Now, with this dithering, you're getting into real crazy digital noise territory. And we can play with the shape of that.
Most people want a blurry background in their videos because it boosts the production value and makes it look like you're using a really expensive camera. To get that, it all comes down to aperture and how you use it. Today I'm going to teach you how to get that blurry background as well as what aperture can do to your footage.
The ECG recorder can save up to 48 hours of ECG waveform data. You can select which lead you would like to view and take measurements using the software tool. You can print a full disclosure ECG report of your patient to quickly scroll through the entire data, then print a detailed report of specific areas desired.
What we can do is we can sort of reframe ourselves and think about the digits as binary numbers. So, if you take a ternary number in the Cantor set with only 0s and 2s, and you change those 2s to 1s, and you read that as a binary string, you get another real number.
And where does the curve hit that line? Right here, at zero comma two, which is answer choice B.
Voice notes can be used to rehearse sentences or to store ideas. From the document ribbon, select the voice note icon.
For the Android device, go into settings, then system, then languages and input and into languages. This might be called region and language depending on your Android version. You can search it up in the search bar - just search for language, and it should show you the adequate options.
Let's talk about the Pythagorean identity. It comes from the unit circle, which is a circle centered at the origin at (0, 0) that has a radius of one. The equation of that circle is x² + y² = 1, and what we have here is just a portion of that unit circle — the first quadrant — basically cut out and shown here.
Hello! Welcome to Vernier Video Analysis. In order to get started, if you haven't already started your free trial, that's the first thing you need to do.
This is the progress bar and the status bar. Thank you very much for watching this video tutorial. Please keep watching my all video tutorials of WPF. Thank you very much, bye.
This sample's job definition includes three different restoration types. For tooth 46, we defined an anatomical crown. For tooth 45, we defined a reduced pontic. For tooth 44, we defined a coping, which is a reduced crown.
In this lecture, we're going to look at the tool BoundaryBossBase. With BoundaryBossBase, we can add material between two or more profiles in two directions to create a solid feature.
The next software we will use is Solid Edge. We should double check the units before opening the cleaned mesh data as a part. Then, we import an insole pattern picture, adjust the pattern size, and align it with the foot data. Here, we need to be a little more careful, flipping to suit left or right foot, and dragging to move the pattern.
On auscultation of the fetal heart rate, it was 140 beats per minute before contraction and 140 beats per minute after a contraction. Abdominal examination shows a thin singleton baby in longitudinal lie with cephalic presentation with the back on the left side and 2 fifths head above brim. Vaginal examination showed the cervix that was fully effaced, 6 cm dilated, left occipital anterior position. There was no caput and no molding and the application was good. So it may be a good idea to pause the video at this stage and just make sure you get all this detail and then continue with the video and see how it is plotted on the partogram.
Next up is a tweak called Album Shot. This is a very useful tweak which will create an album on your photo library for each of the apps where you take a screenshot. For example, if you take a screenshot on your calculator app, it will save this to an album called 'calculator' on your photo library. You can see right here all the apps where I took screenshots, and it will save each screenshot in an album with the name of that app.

----

- Exercise brief
Please find every line in the listing that holds the string "before" and copy it.

- Exercise answer
The next software we will use is Solid Edge. We should double check the units before opening the cleaned mesh data as a part. Then, we import an insole pattern picture, adjust the pattern size, and align it with the foot data. Here, we need to be a little more careful, flipping to suit left or right foot, and dragging to move the pattern.
On auscultation of the fetal heart rate, it was 140 beats per minute before contraction and 140 beats per minute after a contraction. Abdominal examination shows a thin singleton baby in longitudinal lie with cephalic presentation with the back on the left side and 2 fifths head above brim. Vaginal examination showed the cervix that was fully effaced, 6 cm dilated, left occipital anterior position. There was no caput and no molding and the application was good. So it may be a good idea to pause the video at this stage and just make sure you get all this detail and then continue with the video and see how it is plotted on the partogram.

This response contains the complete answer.